The Rhetorical Presidency by Tulis Jeffrey
Author:Tulis, Jeffrey.
Language: eng
Format: epub
Publisher: Princeton University Press
Published: 2017-04-11T04:00:00+00:00
REINTERPRETING THE CONSTITUTIONAL PRINCIPLES: WOODROW WILSON’S STATECRAFT
Woodrow Wilson’s comprehensive reinterpretation of the constitutional order appears, on first glance, to be internally inconsistent. Between the writing of his classic dissertation Congressional Government in 1884, and the publication of his well-known series of lectures, Constitutional Government in the United States, in 1908, Wilson shifted his position on important structural features of the constitutional system.
Early in his career Wilson depicted the House of Representatives as the potential motive force in American politics, and he urged reforms to make it more unified and energetic. He paid little attention to the presidency or the judiciary. In later years he focused his attention on the presidency. In his early writings Wilson urged a plethora of constitutional amendments that were designed to emulate the British parliamentary system, including proposals to synchronize the terms of representatives and senators with that of the president and to require presidents to choose leaders of the majority party as cabinet secretaries. Later Wilson abandoned formal amendment as a strategy, urging instead that the existing Constitution be reinterpreted to encompass his parliamentary views.

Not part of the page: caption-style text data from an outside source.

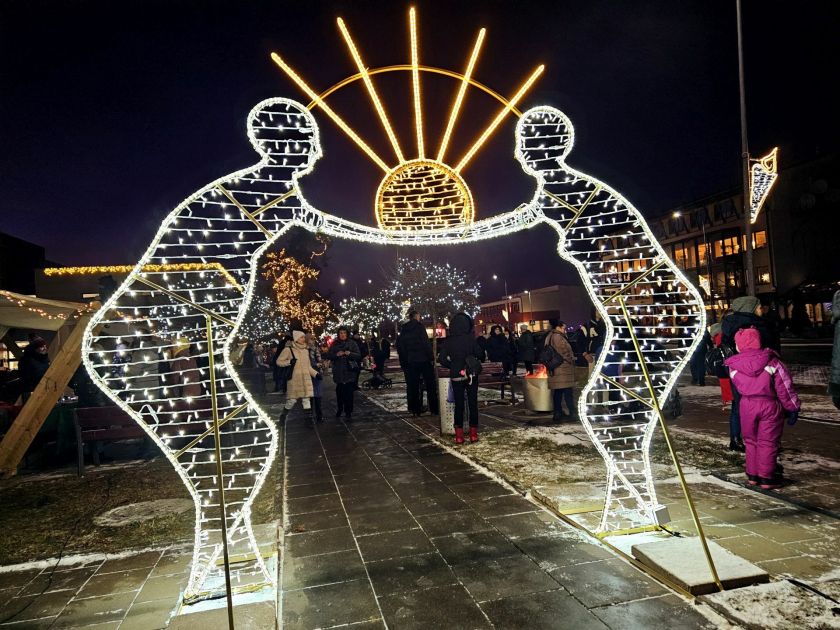 Su M.K. Čiurlionio simfonijos „Miške“ skambesiu Varėnoje įžiebta miesto eglė!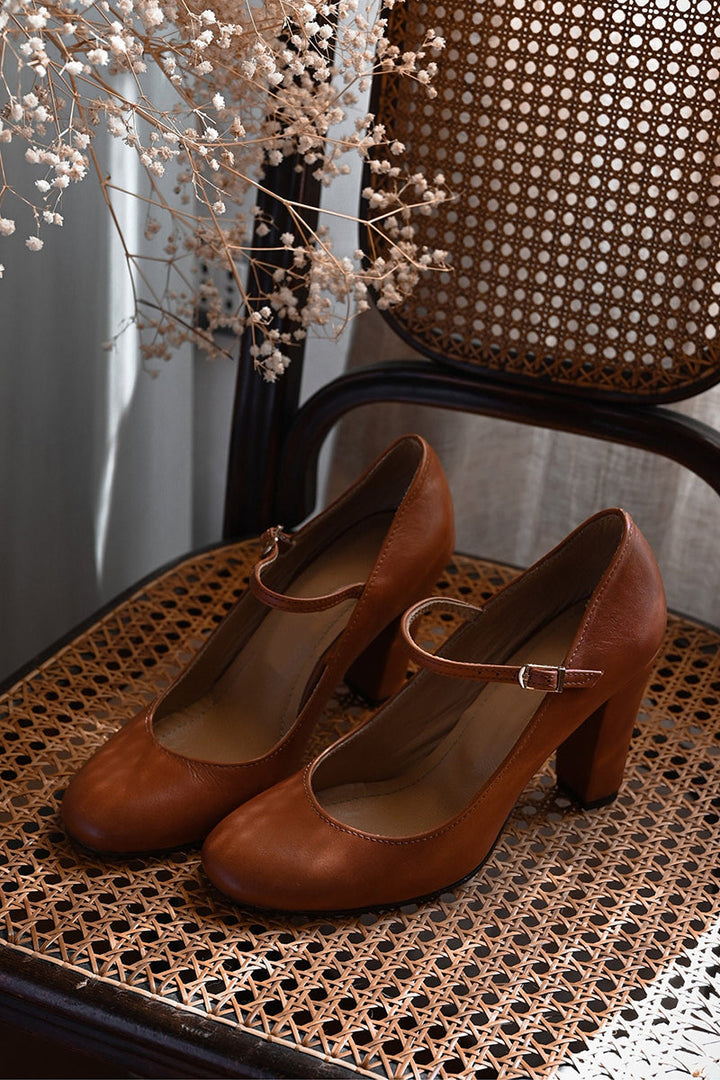 Bravina Daily Sandals with Low Heel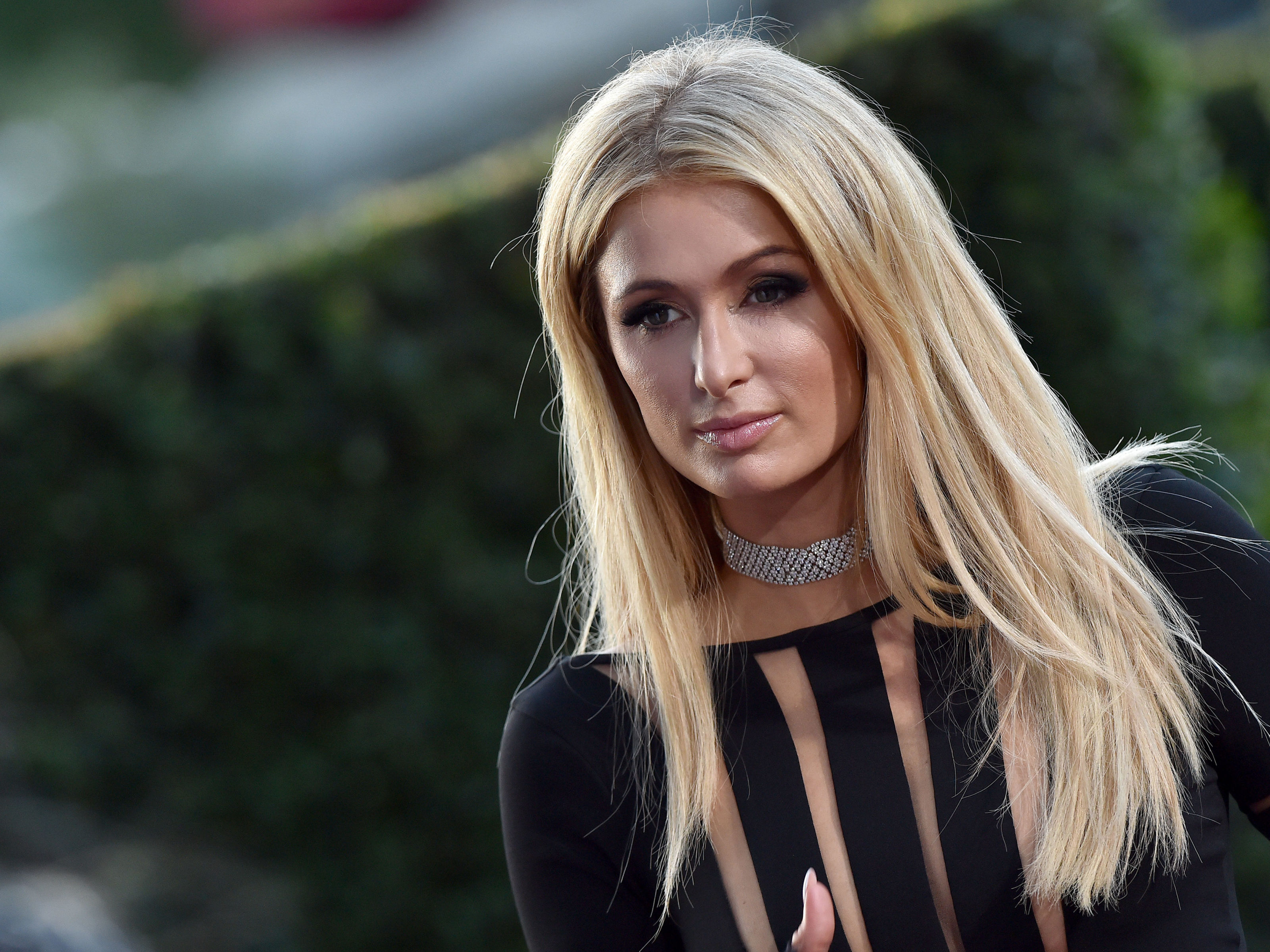 ashley april recommends paris hilton shows pussy pic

The last shift reveals that Wilson had also altered his views at a deeper theoretical level. Christopher Wolfe has shown that while the “early” Wilson held a traditional view of the Constitution as a document whose meaning persists over time, the “later” Wilson adopted an historicist understanding, claiming that the meaning of the Constitution changed as a reflection of the prevailing thought of successive generations.2
As interesting as these shifts in Wilson’s thought are, they all rest upon an underlying critique of the American polity that he maintained consistently throughout his career. Wilson’s altered constitutional proposals, indeed his altered understanding of constitutionalism itself, ought to be viewed as a series of strategic moves designed to remedy the same alleged systemic defects. Our task here is to review Wilson’s understanding of those defects and to outline the doctrine he developed to contend with them—a doctrine whose centerpiece would ultimately be the rhetorical presidency.
Wilson’s doctrine can be nicely counterpoised to the founders’ understanding of demagoguery, representation, independence of the executive, and separation of powers. For clarity, these issues will be examined here in a slightly different order than before: separation of powers, representation, independence of the executive, and demagoguery.